Top of EXERCISE DATA
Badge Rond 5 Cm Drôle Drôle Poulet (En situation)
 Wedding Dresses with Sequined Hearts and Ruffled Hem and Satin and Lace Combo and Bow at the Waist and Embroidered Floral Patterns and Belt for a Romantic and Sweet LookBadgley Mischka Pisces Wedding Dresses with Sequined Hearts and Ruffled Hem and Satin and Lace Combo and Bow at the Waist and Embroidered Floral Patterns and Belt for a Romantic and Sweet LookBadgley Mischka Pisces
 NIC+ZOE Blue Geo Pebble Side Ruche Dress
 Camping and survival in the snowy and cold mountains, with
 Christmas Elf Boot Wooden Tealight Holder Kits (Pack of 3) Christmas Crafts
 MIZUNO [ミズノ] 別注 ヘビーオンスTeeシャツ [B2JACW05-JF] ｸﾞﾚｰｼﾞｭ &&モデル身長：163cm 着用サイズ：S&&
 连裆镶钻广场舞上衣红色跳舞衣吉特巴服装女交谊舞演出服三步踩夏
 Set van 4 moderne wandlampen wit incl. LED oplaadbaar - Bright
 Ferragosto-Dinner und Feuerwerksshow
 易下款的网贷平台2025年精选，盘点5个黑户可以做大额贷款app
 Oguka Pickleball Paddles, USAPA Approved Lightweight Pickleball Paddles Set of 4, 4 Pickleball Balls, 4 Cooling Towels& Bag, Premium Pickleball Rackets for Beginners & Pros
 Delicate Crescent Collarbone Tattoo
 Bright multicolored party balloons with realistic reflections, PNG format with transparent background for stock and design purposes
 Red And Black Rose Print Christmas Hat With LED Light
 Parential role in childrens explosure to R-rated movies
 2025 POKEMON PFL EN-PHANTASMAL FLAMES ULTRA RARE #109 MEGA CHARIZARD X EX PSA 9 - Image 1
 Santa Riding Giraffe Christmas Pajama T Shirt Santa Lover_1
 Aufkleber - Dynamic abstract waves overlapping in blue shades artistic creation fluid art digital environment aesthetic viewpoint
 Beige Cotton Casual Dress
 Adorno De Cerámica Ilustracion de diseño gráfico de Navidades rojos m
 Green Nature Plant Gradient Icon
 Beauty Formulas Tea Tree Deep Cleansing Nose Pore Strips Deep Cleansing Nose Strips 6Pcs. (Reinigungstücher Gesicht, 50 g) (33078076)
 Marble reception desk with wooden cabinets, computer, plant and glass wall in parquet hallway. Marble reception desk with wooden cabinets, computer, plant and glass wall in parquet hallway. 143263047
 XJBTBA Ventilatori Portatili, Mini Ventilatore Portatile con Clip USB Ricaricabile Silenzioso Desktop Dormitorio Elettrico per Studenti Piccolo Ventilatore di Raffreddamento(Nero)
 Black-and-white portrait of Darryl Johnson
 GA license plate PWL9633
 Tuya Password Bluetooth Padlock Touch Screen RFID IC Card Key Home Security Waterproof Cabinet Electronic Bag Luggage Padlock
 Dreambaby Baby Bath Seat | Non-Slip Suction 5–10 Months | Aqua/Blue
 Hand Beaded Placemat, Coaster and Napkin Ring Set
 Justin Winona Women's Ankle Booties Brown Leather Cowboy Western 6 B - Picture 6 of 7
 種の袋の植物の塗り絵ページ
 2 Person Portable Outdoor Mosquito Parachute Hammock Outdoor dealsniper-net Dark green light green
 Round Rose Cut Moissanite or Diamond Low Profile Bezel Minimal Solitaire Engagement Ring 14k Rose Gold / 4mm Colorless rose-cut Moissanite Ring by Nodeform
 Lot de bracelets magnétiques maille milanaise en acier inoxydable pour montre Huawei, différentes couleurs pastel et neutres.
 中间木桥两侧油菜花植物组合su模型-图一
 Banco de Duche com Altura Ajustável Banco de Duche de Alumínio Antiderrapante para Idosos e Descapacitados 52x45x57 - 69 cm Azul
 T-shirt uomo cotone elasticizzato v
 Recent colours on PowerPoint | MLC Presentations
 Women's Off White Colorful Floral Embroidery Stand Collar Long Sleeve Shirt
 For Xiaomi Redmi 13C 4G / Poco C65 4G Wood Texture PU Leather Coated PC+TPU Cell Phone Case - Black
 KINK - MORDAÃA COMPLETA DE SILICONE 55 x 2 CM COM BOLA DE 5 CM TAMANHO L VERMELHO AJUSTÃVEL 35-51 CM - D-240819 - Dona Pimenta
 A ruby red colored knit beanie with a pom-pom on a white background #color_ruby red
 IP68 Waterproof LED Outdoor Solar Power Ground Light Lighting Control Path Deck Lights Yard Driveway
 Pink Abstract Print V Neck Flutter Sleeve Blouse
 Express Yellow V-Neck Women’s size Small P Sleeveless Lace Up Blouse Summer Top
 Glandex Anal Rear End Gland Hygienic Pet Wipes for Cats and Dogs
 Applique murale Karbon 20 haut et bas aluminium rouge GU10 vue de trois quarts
Bottom of EXERCISE DATA
■ **TASK DESCRIPTION**
Reproduce the listing above word for word.

■ **RESULT FOR THIS EXERCISE**
Badge Rond 5 Cm Drôle Drôle Poulet (En situation)
 Wedding Dresses with Sequined Hearts and Ruffled Hem and Satin and Lace Combo and Bow at the Waist and Embroidered Floral Patterns and Belt for a Romantic and Sweet LookBadgley Mischka Pisces Wedding Dresses with Sequined Hearts and Ruffled Hem and Satin and Lace Combo and Bow at the Waist and Embroidered Floral Patterns and Belt for a Romantic and Sweet LookBadgley Mischka Pisces
 NIC+ZOE Blue Geo Pebble Side Ruche Dress
 Camping and survival in the snowy and cold mountains, with
 Christmas Elf Boot Wooden Tealight Holder Kits (Pack of 3) Christmas Crafts
 MIZUNO [ミズノ] 別注 ヘビーオンスTeeシャツ [B2JACW05-JF] ｸﾞﾚｰｼﾞｭ &&モデル身長：163cm 着用サイズ：S&&
 连裆镶钻广场舞上衣红色跳舞衣吉特巴服装女交谊舞演出服三步踩夏
 Set van 4 moderne wandlampen wit incl. LED oplaadbaar - Bright
 Ferragosto-Dinner und Feuerwerksshow
 易下款的网贷平台2025年精选，盘点5个黑户可以做大额贷款app
 Oguka Pickleball Paddles, USAPA Approved Lightweight Pickleball Paddles Set of 4, 4 Pickleball Balls, 4 Cooling Towels& Bag, Premium Pickleball Rackets for Beginners & Pros
 Delicate Crescent Collarbone Tattoo
 Bright multicolored party balloons with realistic reflections, PNG format with transparent background for stock and design purposes
 Red And Black Rose Print Christmas Hat With LED Light
 Parential role in childrens explosure to R-rated movies
 2025 POKEMON PFL EN-PHANTASMAL FLAMES ULTRA RARE #109 MEGA CHARIZARD X EX PSA 9 - Image 1
 Santa Riding Giraffe Christmas Pajama T Shirt Santa Lover_1
 Aufkleber - Dynamic abstract waves overlapping in blue shades artistic creation fluid art digital environment aesthetic viewpoint
 Beige Cotton Casual Dress
 Adorno De Cerámica Ilustracion de diseño gráfico de Navidades rojos m
 Green Nature Plant Gradient Icon
 Beauty Formulas Tea Tree Deep Cleansing Nose Pore Strips Deep Cleansing Nose Strips 6Pcs. (Reinigungstücher Gesicht, 50 g) (33078076)
 Marble reception desk with wooden cabinets, computer, plant and glass wall in parquet hallway. Marble reception desk with wooden cabinets, computer, plant and glass wall in parquet hallway. 143263047
 XJBTBA Ventilatori Portatili, Mini Ventilatore Portatile con Clip USB Ricaricabile Silenzioso Desktop Dormitorio Elettrico per Studenti Piccolo Ventilatore di Raffreddamento(Nero)
 Black-and-white portrait of Darryl Johnson
 GA license plate PWL9633
 Tuya Password Bluetooth Padlock Touch Screen RFID IC Card Key Home Security Waterproof Cabinet Electronic Bag Luggage Padlock
 Dreambaby Baby Bath Seat | Non-Slip Suction 5–10 Months | Aqua/Blue
 Hand Beaded Placemat, Coaster and Napkin Ring Set
 Justin Winona Women's Ankle Booties Brown Leather Cowboy Western 6 B - Picture 6 of 7
 種の袋の植物の塗り絵ページ
 2 Person Portable Outdoor Mosquito Parachute Hammock Outdoor dealsniper-net Dark green light green
 Round Rose Cut Moissanite or Diamond Low Profile Bezel Minimal Solitaire Engagement Ring 14k Rose Gold / 4mm Colorless rose-cut Moissanite Ring by Nodeform
 Lot de bracelets magnétiques maille milanaise en acier inoxydable pour montre Huawei, différentes couleurs pastel et neutres.
 中间木桥两侧油菜花植物组合su模型-图一
 Banco de Duche com Altura Ajustável Banco de Duche de Alumínio Antiderrapante para Idosos e Descapacitados 52x45x57 - 69 cm Azul
 T-shirt uomo cotone elasticizzato v
 Recent colours on PowerPoint | MLC Presentations
 Women's Off White Colorful Floral Embroidery Stand Collar Long Sleeve Shirt
 For Xiaomi Redmi 13C 4G / Poco C65 4G Wood Texture PU Leather Coated PC+TPU Cell Phone Case - Black
 KINK - MORDAÃA COMPLETA DE SILICONE 55 x 2 CM COM BOLA DE 5 CM TAMANHO L VERMELHO AJUSTÃVEL 35-51 CM - D-240819 - Dona Pimenta
 A ruby red colored knit beanie with a pom-pom on a white background #color_ruby red
 IP68 Waterproof LED Outdoor Solar Power Ground Light Lighting Control Path Deck Lights Yard Driveway
 Pink Abstract Print V Neck Flutter Sleeve Blouse
 Express Yellow V-Neck Women’s size Small P Sleeveless Lace Up Blouse Summer Top
 Glandex Anal Rear End Gland Hygienic Pet Wipes for Cats and Dogs
 Applique murale Karbon 20 haut et bas aluminium rouge GU10 vue de trois quarts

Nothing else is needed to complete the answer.